Start of Block

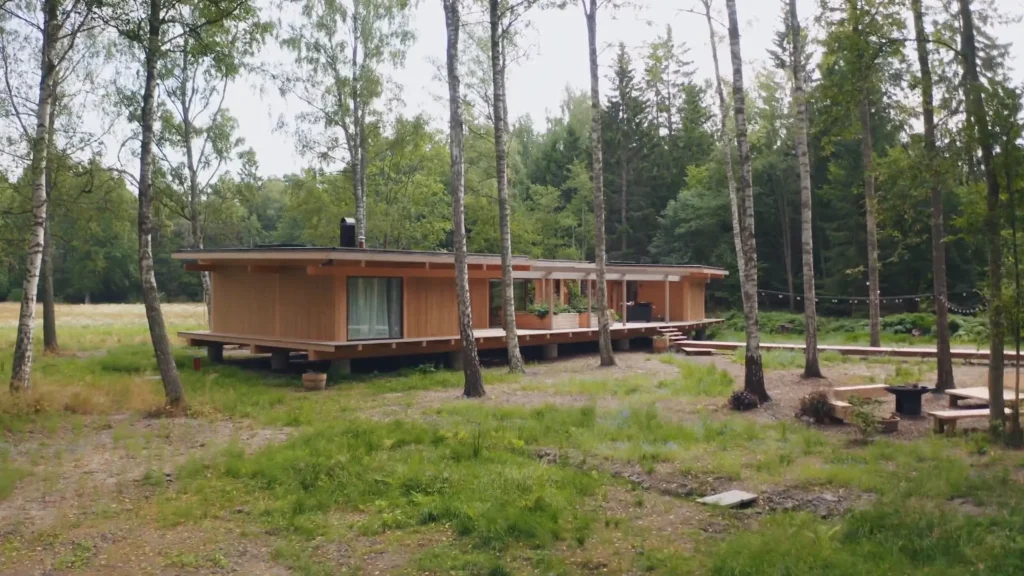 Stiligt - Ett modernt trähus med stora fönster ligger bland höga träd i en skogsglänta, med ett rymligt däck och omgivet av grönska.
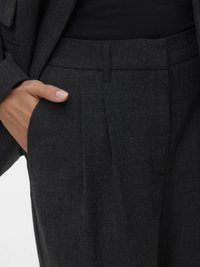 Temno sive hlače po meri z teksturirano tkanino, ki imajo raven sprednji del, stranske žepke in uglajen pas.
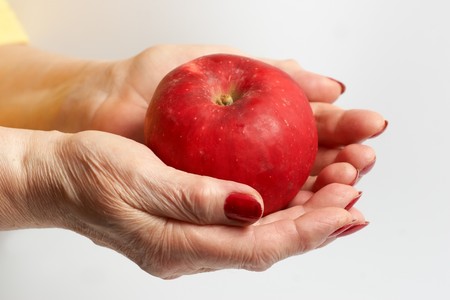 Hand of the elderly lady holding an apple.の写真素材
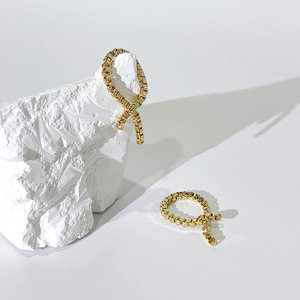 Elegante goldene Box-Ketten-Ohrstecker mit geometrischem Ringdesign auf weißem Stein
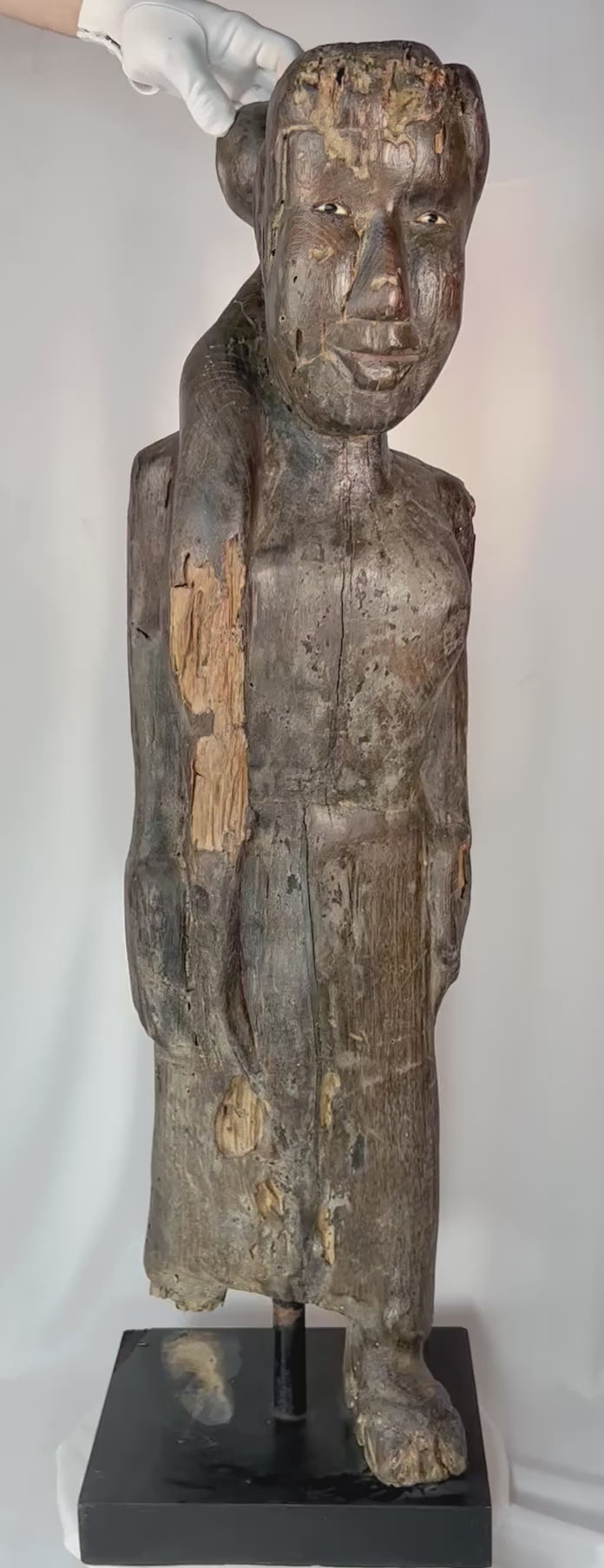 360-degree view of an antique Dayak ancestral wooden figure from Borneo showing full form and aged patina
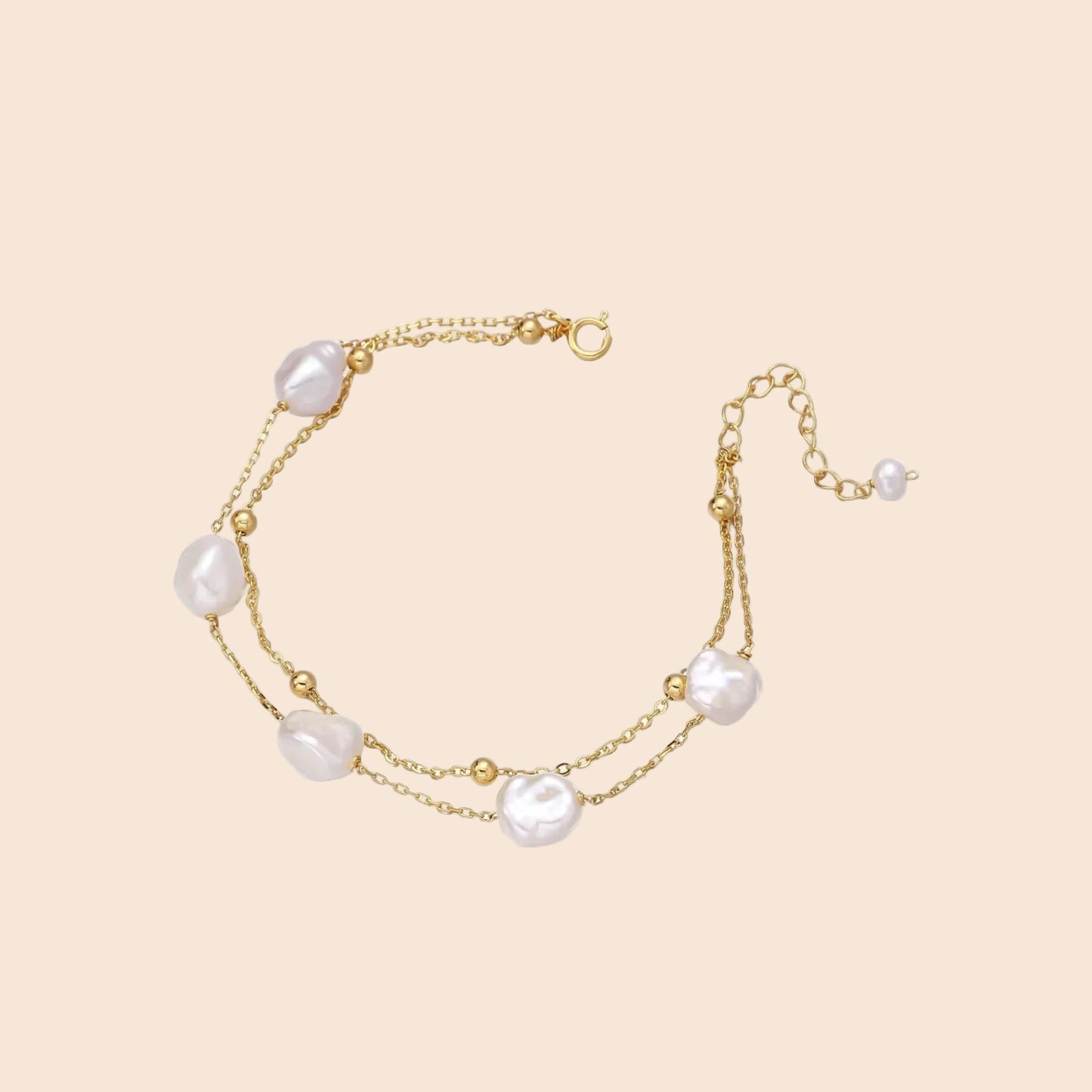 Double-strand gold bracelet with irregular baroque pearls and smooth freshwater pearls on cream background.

End of Block

Copy exactly the material above from the line with "Temno sive hlače" to the line with "Elegante goldene Box-Ketten-Ohrstecker", ends included, and nothing else. Leave out any picture.

Written solution ::
 Temno sive hlače po meri z teksturirano tkanino, ki imajo raven sprednji del, stranske žepke in uglajen pas.
 Hand of the elderly lady holding an apple.の写真素材
 Elegante goldene Box-Ketten-Ohrstecker mit geometrischem Ringdesign auf weißem Stein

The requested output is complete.